O delegado-geral, João Manoel Lipinski, repassou a sugestão ao secretário estadual da Segurança, Antenor Chinato Ribeiro, que é presidente do conselho. Chinato informou, pela sua assessoria, que somente uma Ação Direta de Inconstitucionalidade (Adin) pode definir sobre a legalidade ou não da norma. A secretaria, e o próprio conselho, espera que a Procuradoria Geral do Estado (PGE) se posicione sobre a polêmica.
Em 2000, a Associação dos Delegados de Polícia de Santa Catarina entrou com Adin no Tribunal de Justiça contra a Lei 11.348, que normatiza o serviço de loterias e jogos eletrônicos no Estado, mas a ação ainda não foi julgada.

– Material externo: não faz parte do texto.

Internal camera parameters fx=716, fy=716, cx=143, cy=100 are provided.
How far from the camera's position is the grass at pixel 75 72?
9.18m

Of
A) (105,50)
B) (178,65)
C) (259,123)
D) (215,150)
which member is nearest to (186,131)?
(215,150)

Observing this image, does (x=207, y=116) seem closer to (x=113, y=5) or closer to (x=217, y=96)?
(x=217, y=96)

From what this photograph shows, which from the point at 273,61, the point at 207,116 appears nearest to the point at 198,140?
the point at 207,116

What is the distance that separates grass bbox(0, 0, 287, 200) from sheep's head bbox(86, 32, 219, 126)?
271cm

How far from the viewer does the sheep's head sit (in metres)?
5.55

O delegado Braga critica a norma por estimular a criminalidade. Ao incentivar a permanência das pessoas em bares, faz com que consumam mais bebidas alcoólicas, que desencadeiam a violência. Outra preocupação é com a presença de jovens nesses locais e em que pontos as máquinas estão sendo instaladas.
Alguns equipamentos estão a menos de meio quilômetro de estabelecimentos educacionais, ferindo a Lei Municipal 2.847/88, que “proíbe a concessão da licença para casas de jogos, diversões e aparelhos eletrônicos num raio de 500 metros de escolas”.

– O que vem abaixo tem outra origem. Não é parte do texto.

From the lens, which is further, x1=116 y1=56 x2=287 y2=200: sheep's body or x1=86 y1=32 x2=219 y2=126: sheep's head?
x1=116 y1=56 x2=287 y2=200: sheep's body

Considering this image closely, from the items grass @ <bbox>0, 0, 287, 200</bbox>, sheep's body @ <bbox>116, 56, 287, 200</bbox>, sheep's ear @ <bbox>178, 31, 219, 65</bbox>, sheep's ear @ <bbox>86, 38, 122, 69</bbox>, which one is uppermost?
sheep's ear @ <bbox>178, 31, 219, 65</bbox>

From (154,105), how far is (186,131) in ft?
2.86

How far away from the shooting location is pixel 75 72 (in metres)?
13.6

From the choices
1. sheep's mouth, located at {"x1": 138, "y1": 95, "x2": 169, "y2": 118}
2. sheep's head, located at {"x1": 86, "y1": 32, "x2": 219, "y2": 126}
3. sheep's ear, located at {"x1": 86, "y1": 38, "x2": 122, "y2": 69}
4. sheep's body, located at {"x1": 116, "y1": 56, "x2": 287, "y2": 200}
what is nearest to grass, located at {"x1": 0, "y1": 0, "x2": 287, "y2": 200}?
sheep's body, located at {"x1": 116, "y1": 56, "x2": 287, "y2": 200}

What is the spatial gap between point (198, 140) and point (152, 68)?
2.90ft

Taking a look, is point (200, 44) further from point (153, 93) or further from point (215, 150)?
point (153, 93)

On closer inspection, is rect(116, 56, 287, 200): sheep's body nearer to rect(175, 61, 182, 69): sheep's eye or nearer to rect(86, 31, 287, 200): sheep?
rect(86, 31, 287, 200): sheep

Segundo Braga, cerca de 10 mil caça-níqueis operam no Estado. Antes da resolução, foram apreendidas 350 máquinas irregulares na Grande Florianópolis.
O OUTRO LADO
Codesc garante a fiscalização
O presidente da Codesc, Edson Caporal, disse que todos os estabelecimentos credenciados para o uso dos caça-níqueis estão sendo vistoriados. Se for confirmada alguma irregularidade com as máquinas, elas serão retiradas.
“O comerciante conhece todas as penalidades que pode sofrer usando indevidamente o jogo. Em casos de maior gravidade, como a presença de menores, nós entramos em contato com a polícia”, explicou.
Caporal não acredita que esse tipo de jogo contribua para o aumento da criminalidade. Ele relatou que os usuários costumam ficar pouco tempo nos locais para jogar, pois a premiação é baixa – máximo de R$ 250 -, o que também reduz a possibilidade de dependência do jogo.
Segundo a Codesc, 8 mil máquinas estão operando no Estado. Os equipamentos são vistoriados por 10 fiscais. Desde abril, quando foi criada a Resolução 030/2002, o Estado arrecada mensalmente cerca de R$ 800 mil.